While Rep. Jerry Lewis (R-CA) tops the news in the unfolding earmarks-for-bribes investigations, also under scrutiny is House Armed Services Committee (HASC) Chairman Duncan Hunter (R-CA). For the most part, interest has been focused on companies led by defense contractors Brent Wilkes and Mitchell Wade. But as the investigations have expanded, questions are increasingly being raised about the relationships between other defense contractors and legislators.
Perhaps worth a look: the actions of Hunter vis-a-vis San Diego's Titan Corporation.
In recent years, Titan has also continued to enjoy a generous flow of Pentagon money—in part thanks to Duncan Hunter and the "queen of earmarks" Letitia White. Between 2003 and 2005, Titan retained White to look after its interests as the FY 04, 05, and 06 armed services and intelligence authorization and appropriations bills were crafted. (Titan has also been a top contributor to White's former boss Rep. Jerry Lewis.)
Included in some bills, for example, are earmarks beyond what the Pentagon requested for two Navy projects, the experimental Sea Fighter LCS(X) craft and the Affordable Weapons System (AWS). Both projects have been championed by Hunter, and are contracted by Titan.

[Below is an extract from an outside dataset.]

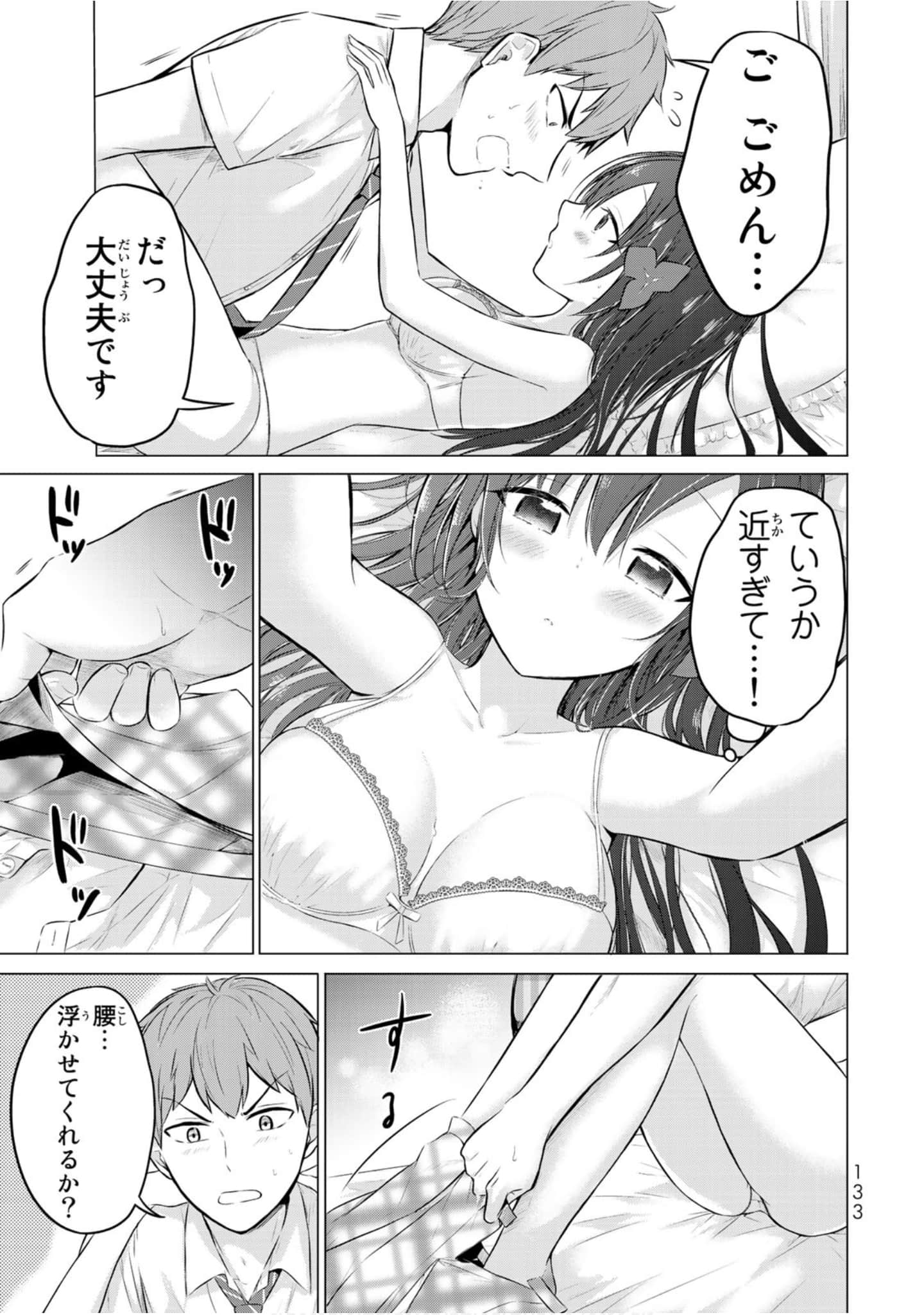 Page 134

Both projects, however, have not been met with universal acclaim within the Navy. Though the AWS--touted as a cheap, off-the-shelf alternative to the Tactical Tomahawk--has consistently been praised in House Armed Services Committee reports, a Navy report recently submitted to Congress was less sanguine about the project that Hunter has earmarked $27 million for in the latest House Defense Authorization bill. An excerpt from the Navy communique as reported in a May 29, 2006, Inside the Navy story:
Originally the [Affordable Weapon System] provided much promise, however, it has experienced many technical difficulties resulting in zero successful test flights. Numerous non-Navy initiated engineering changes have significantly increased the cost of the missile. While AWS continues to receive Congressional funding, there are a number of other missile concepts that may provide similar solutions...at a reduced cost.

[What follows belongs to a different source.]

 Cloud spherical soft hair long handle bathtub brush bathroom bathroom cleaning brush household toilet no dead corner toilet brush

In case of the Sea Fighter LCS(X) craft, $25.7 million was earmarked in the latest defense authorization bill. Yet the LCS(X), according to the National Journal's Megan Scully, who also took a look at Hunter's Titan ties today:
...does not have a place in the Navy's ambitious 313-ship plan, which [Congressional Budget Office] already views as potentially unaffordable. And the vessel has spent two of the last four months dry-docked for major repairs to its propulsion and other systems.
"For a ship that's brand new, it has a lot of problems," said one Navy official.
Titan was acquired last year by L3 Communications, which is currently the second top corporate donor to both Hunter and Lewis.